* PROBLEM TO SOLVE:
Take the lines from the one containing "this 766×574 image." through the final line below and restate them exactly. Omit the pictures.

* Stored entries:
BEGIN
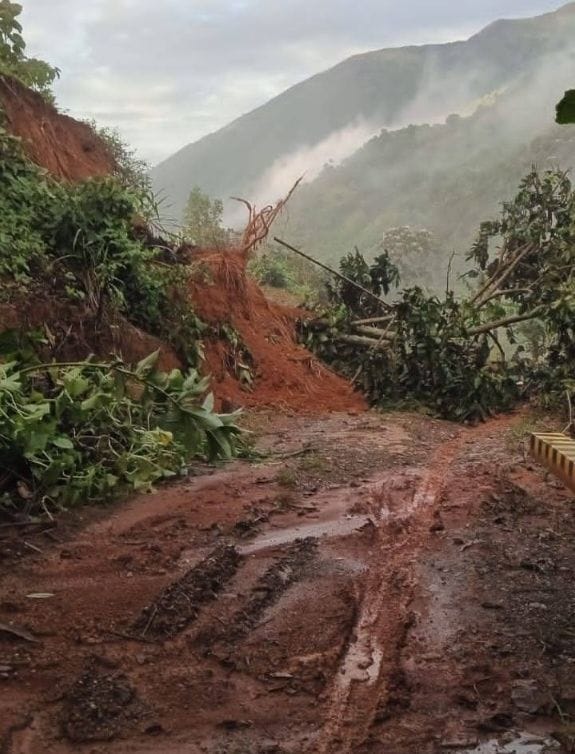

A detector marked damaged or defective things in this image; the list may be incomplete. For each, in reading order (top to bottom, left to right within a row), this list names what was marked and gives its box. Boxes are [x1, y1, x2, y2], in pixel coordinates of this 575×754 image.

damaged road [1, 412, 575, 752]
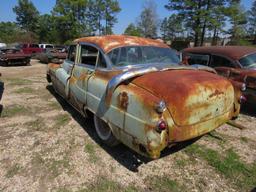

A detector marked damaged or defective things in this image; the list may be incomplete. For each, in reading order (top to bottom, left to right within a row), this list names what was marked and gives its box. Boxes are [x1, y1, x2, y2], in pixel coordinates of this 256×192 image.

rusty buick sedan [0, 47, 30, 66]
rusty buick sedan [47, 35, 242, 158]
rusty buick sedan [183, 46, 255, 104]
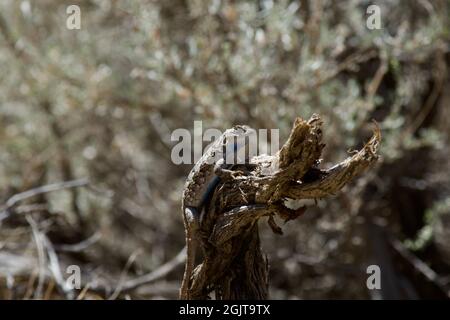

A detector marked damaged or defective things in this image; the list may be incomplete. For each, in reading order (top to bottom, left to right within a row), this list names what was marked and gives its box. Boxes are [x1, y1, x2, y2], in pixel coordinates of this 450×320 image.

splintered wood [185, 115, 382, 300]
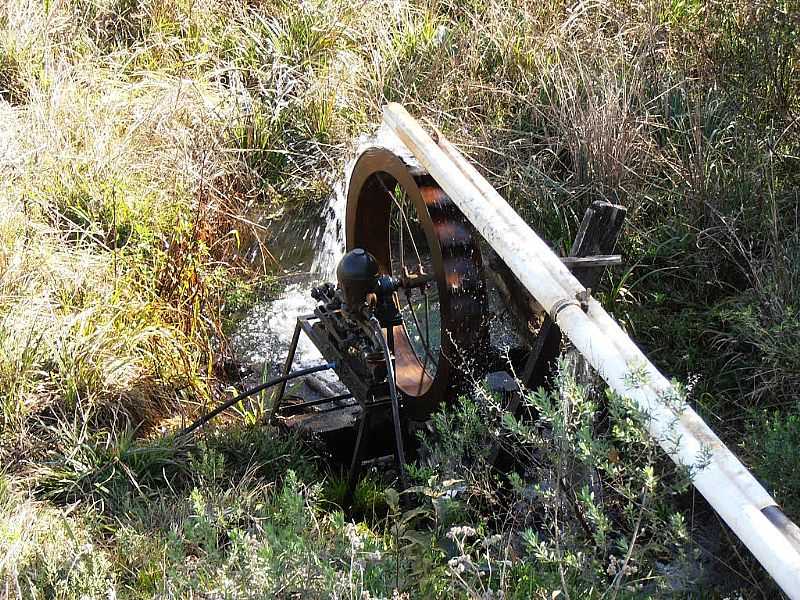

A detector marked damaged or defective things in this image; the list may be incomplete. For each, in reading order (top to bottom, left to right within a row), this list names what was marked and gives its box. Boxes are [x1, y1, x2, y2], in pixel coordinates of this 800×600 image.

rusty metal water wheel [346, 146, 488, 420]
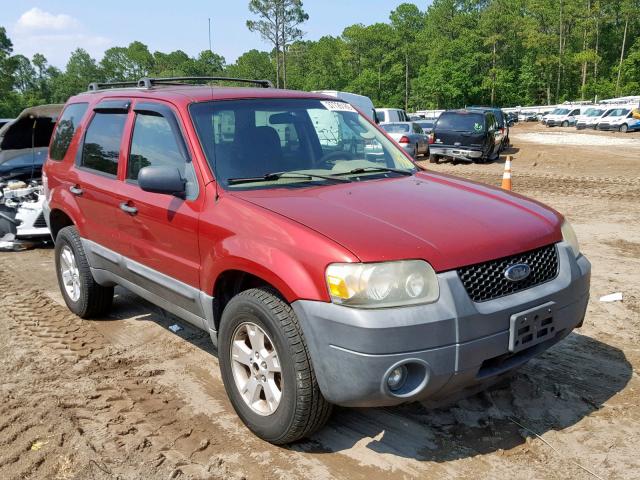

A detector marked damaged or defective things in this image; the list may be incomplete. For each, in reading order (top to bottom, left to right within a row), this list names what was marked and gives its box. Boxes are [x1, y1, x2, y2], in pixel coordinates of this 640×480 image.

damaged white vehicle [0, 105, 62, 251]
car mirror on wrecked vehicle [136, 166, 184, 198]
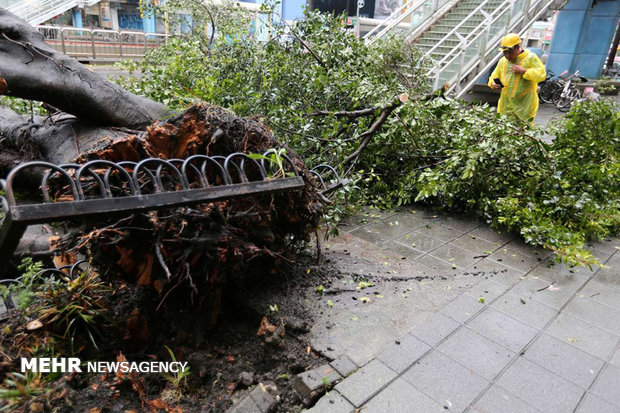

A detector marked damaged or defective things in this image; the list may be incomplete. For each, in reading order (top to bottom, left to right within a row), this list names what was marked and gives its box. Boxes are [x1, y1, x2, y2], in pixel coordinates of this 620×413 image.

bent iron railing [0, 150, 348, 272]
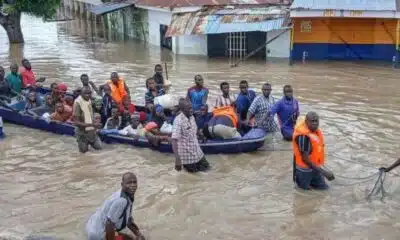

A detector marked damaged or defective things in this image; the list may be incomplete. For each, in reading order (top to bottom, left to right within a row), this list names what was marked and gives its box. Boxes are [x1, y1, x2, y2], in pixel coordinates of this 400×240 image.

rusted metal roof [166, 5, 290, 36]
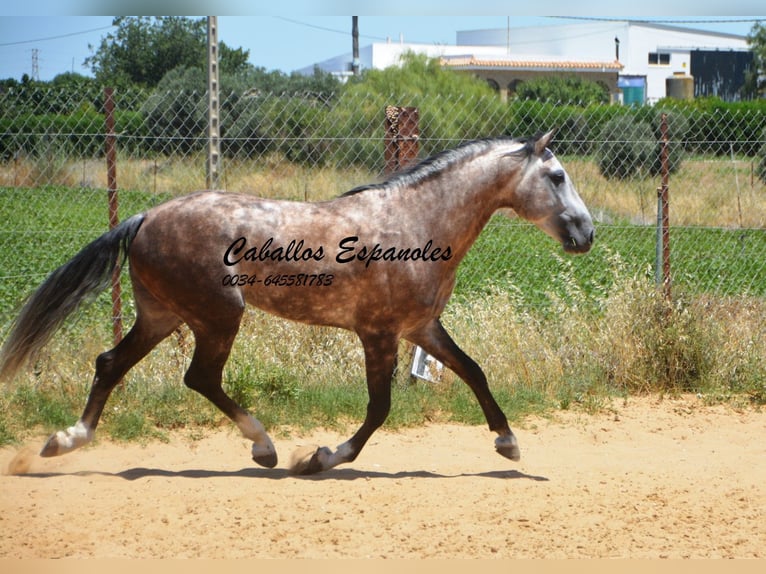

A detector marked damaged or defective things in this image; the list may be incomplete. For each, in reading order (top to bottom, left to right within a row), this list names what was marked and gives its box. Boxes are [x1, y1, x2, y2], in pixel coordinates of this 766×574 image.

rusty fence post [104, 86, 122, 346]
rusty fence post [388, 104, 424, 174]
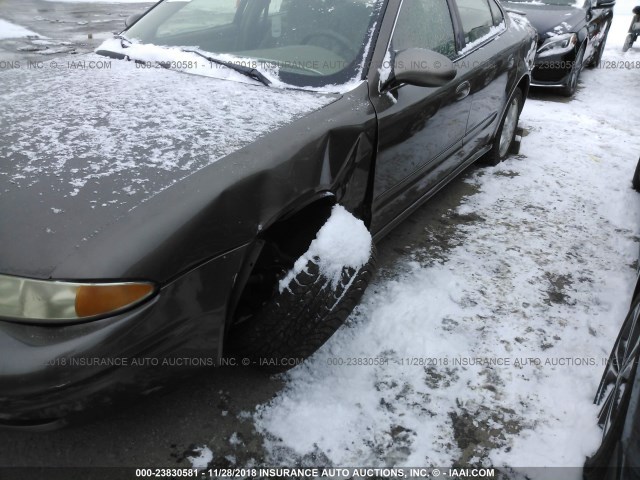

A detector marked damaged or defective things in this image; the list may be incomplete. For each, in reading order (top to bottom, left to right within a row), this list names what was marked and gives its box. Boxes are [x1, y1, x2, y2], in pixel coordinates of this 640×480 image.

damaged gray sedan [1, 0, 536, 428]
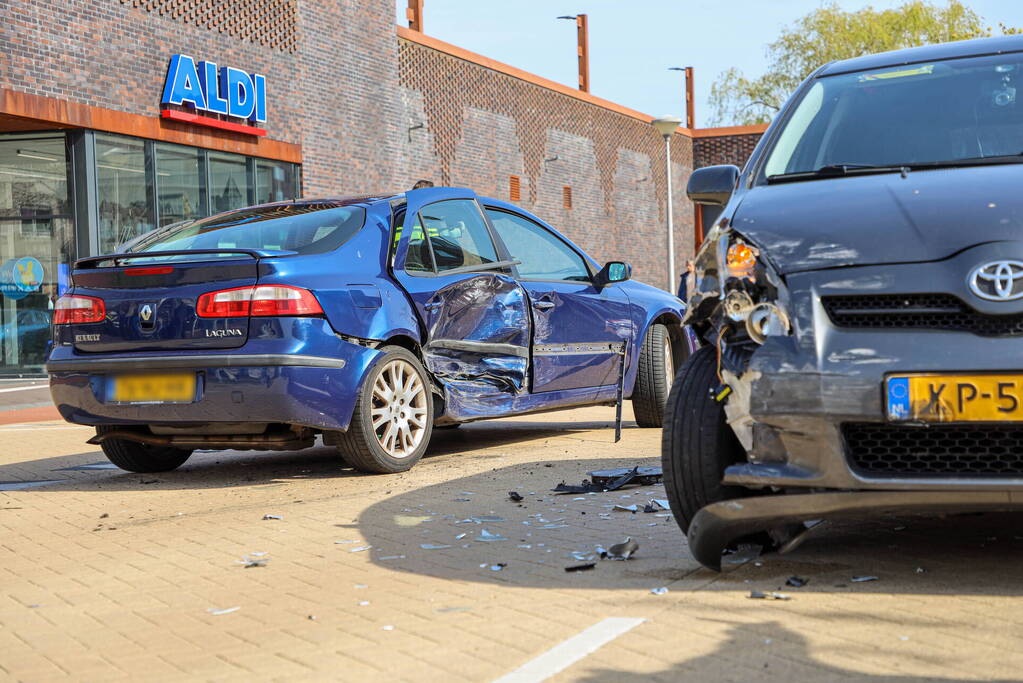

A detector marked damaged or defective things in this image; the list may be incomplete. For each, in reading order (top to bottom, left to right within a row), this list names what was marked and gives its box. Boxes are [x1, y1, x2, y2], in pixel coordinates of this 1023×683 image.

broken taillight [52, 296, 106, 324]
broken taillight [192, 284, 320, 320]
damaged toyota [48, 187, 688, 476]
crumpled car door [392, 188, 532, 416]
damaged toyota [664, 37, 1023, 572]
END
* ANSWER:
A detector marked damaged or defective things in this image; the list may be incomplete. For each, in reading order (top to bottom, left to right within a row), this list names what was marked and gives its box. Boxes are [x1, y1, x2, y2], in pixel coordinates of this 766×574 image.

rusty fence post [104, 86, 122, 346]
rusty fence post [388, 104, 424, 174]

A detector marked damaged or defective things in this image; the list may be incomplete. For each, in reading order (top to bottom, left to right within a row), this list names what was marked and gives its box. Boxes are [x1, y1, x2, y2], in pixel coordinates of this 640×480 image.

damaged gray sedan [1, 0, 536, 428]

A detector marked damaged or defective things in this image; the list may be incomplete. For each, in reading order (top to bottom, left to right within a row), this list names what was marked and gives its box. Boxes are [x1, y1, x2, y2], in pixel coordinates of this 1023×683 image.

broken taillight [52, 296, 106, 324]
broken taillight [192, 284, 320, 320]
damaged toyota [48, 187, 688, 476]
crumpled car door [392, 188, 532, 416]
damaged toyota [664, 37, 1023, 572]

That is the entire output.